When the last glacial stage of the last small ice age retreated from the Hindu Kush plateau about 10,000 years ago it allowed people from the lowlands to move up along the rivers to hunt in high valleys such as the Kokcha Valley in North-Eastern Afghanistan. The glacial retreat also exposed in the steep valley walls intense blue rock formations know known as lapis lazuli. The small Kokcha River is the eastern tributary of the River Oxus which Marco Polo traversed and wrote: “There is a mountain in that region where the finest azure in the world is found.
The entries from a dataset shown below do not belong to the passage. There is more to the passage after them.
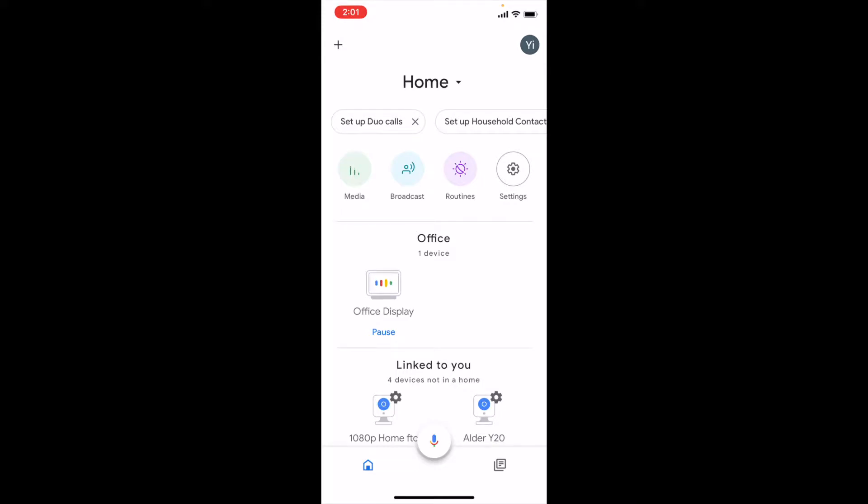In order to stream your Kami doorbell camera with Google, please follow this tutorial process.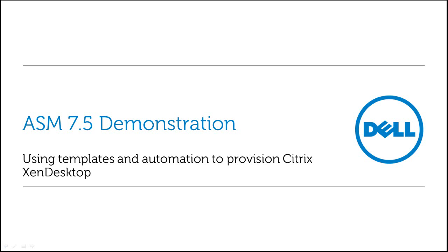In this video, we're going to take a look at the new version of ASM, version 7.5, and how we can use templates and automation to provision Citrix XenDesktop.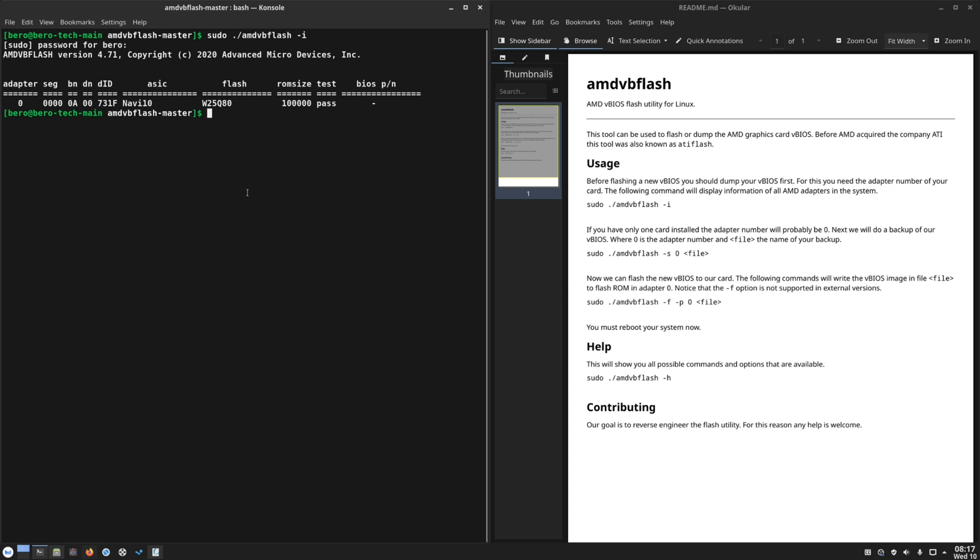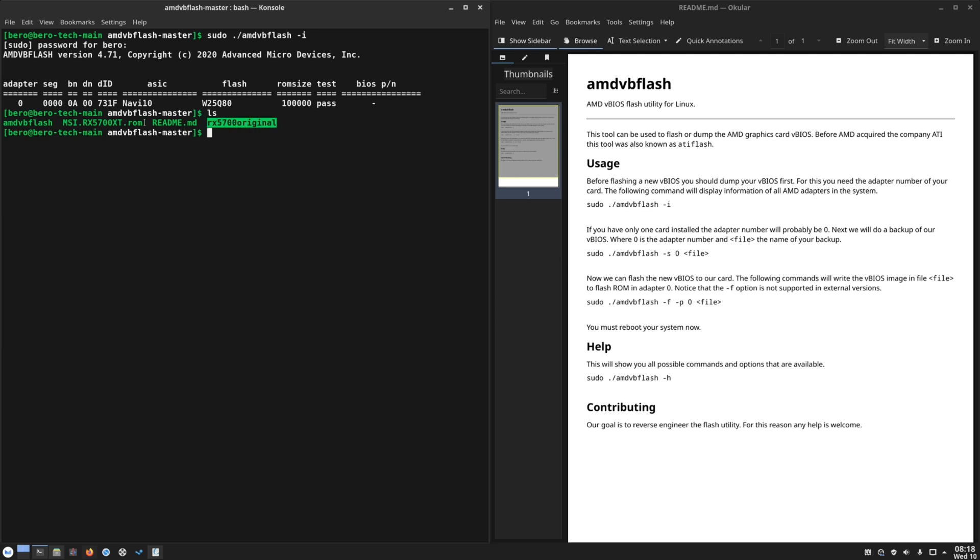After this we want to save the existing VBIOS. So it's saying S for save and the adapter number, and just name your VBIOS as you want. Original, or it's totally up to you. So I already did this. I named mine RX 5700 original and I placed here the downloaded VBIOS what we found on the TechPowerUp website.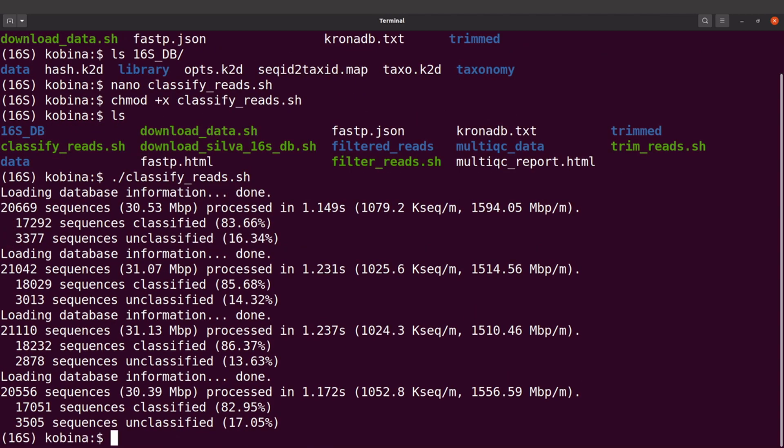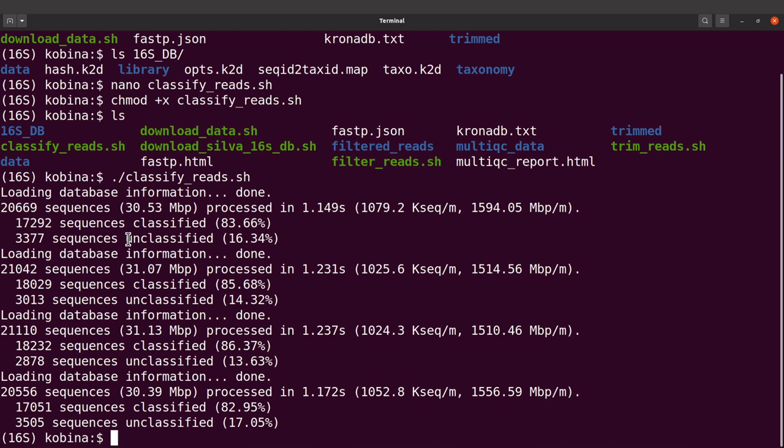Okay, so everything has been done. We have the summary for each file. This one has 83.66 percent of the sequences classified, and unclassified is 16.34 percent. You can also check for the other ones. We see that the majority of the sequences have been classified, so that is okay.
It appears in veins like silver streaks.”
The hunters, let us call them the Nuristani people, found that instead of hunting animals for their pelts the blue rock if prised, polished and brought to the lowlands was considered more valuable and tradable. Intensive mining for lapis lazuli began in the Kokcha Valley about 8,000 years ago and has continued to this day.
The extraordinary aspect of this mining is that from 6,000 BCE there were well established trade routes bringing the lapis lazuli into the Indus Valley Civilization sites and into Sumer, where as a precious stone it features highly in the Epic of Gilgamesh. It also appears further afield in the pre-dynastic tombs of 3,500 BCE Egypt and after a lacunae (presumably caused by Mesopotamian control of all the mining output) in the Ist to IVth Pharonic dynasties becomes a very important part of Egyptian jewellery design from about 2500 BCE on.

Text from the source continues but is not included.